In the entries that follow, find the line containing "Ford, New Holland"; from there, copy every line exactly through the line containing "JACK PYKE Countryman".

-------- MATERIAL PROVIDED --------

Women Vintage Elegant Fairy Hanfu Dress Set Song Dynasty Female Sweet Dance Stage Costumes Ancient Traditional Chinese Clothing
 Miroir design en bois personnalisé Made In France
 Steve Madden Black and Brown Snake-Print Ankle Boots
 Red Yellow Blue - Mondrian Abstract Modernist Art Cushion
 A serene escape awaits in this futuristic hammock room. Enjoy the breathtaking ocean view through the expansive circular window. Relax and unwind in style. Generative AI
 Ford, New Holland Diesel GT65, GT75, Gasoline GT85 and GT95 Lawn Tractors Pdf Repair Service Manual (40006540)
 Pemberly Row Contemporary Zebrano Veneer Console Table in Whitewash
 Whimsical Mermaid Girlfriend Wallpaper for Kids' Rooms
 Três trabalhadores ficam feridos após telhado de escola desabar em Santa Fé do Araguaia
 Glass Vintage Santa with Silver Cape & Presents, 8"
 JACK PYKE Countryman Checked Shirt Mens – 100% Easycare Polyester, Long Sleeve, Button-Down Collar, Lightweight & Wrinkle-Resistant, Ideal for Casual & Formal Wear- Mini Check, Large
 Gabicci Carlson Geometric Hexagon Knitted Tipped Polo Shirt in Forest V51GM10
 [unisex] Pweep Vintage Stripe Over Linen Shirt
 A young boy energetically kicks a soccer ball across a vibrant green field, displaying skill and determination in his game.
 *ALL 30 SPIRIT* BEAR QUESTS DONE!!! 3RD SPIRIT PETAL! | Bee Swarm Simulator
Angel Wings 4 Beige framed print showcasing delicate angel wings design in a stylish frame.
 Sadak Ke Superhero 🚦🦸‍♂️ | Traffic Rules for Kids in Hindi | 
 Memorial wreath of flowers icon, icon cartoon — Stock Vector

--------

RESPONSE AREA:
 Ford, New Holland Diesel GT65, GT75, Gasoline GT85 and GT95 Lawn Tractors Pdf Repair Service Manual (40006540)
 Pemberly Row Contemporary Zebrano Veneer Console Table in Whitewash
 Whimsical Mermaid Girlfriend Wallpaper for Kids' Rooms
 Três trabalhadores ficam feridos após telhado de escola desabar em Santa Fé do Araguaia
 Glass Vintage Santa with Silver Cape & Presents, 8"
 JACK PYKE Countryman Checked Shirt Mens – 100% Easycare Polyester, Long Sleeve, Button-Down Collar, Lightweight & Wrinkle-Resistant, Ideal for Casual & Formal Wear- Mini Check, Large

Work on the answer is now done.